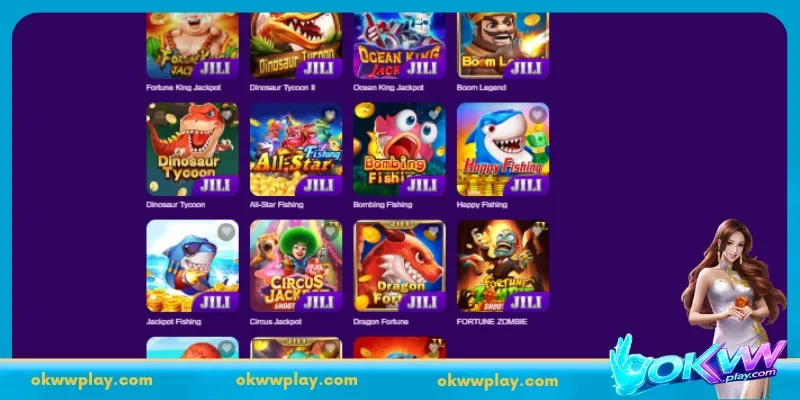 Updates on popular fish shooting game publishers on the OKWW platform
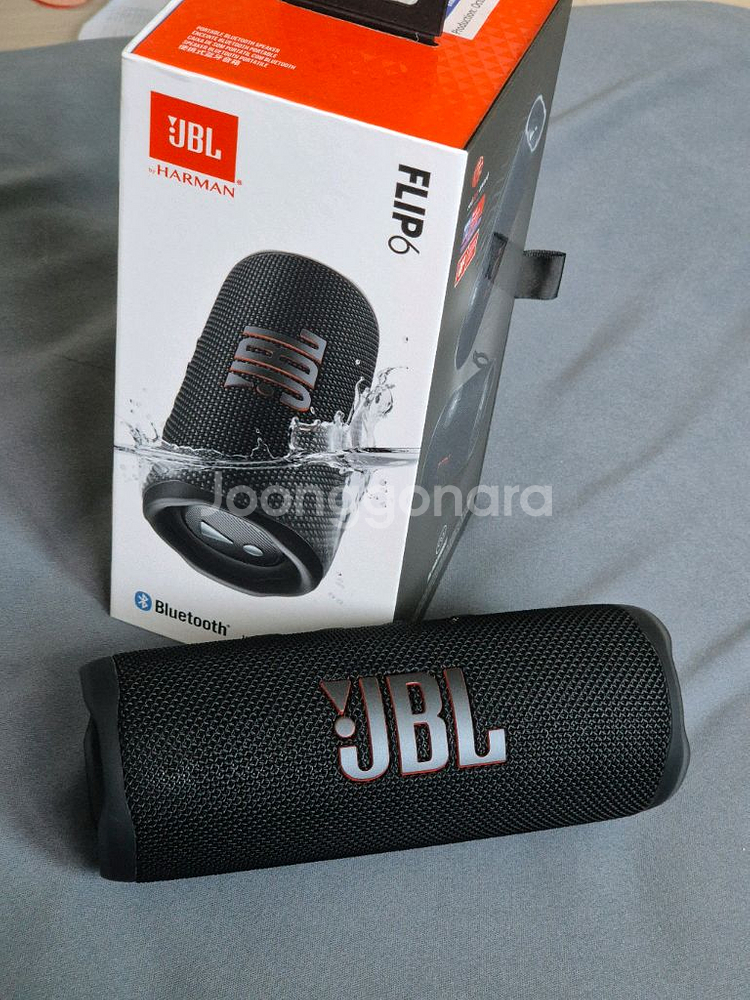 jbl flip 6 (SSS급 풀박)--5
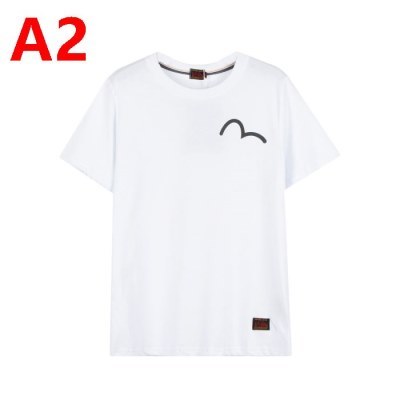 EVISU エヴィス半袖Tシャツ 吸汗速乾 M*L*XL*2XL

........

Task statement
Print once more, exactly, the lines from the one with "jbl flip 6 (SSS급 풀박)--5" through the last line of the data, both ends included, without any pictures.

Reply
 jbl flip 6 (SSS급 풀박)--5
 EVISU エヴィス半袖Tシャツ 吸汗速乾 M*L*XL*2XL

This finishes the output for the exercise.